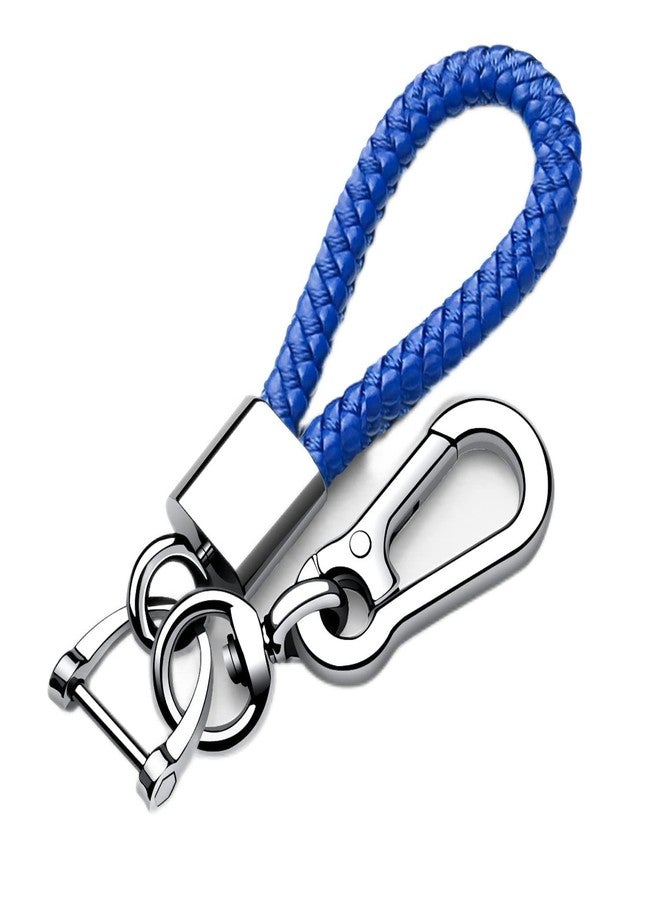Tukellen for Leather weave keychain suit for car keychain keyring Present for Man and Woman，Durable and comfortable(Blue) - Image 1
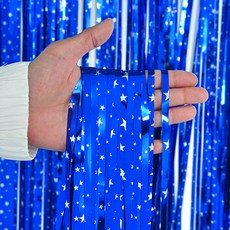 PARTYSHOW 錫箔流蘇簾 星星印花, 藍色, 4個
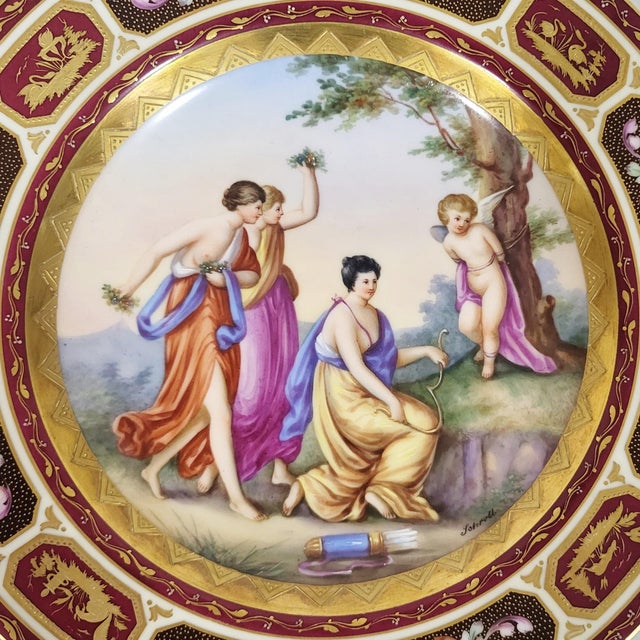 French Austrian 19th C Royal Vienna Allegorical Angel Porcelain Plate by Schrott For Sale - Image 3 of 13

→ Your objective
The answer should be the full material above, printed exactly, with no pictures in it.

→ Solution to the problem
Tukellen for Leather weave keychain suit for car keychain keyring Present for Man and Woman，Durable and comfortable(Blue) - Image 1
 PARTYSHOW 錫箔流蘇簾 星星印花, 藍色, 4個
 French Austrian 19th C Royal Vienna Allegorical Angel Porcelain Plate by Schrott For Sale - Image 3 of 13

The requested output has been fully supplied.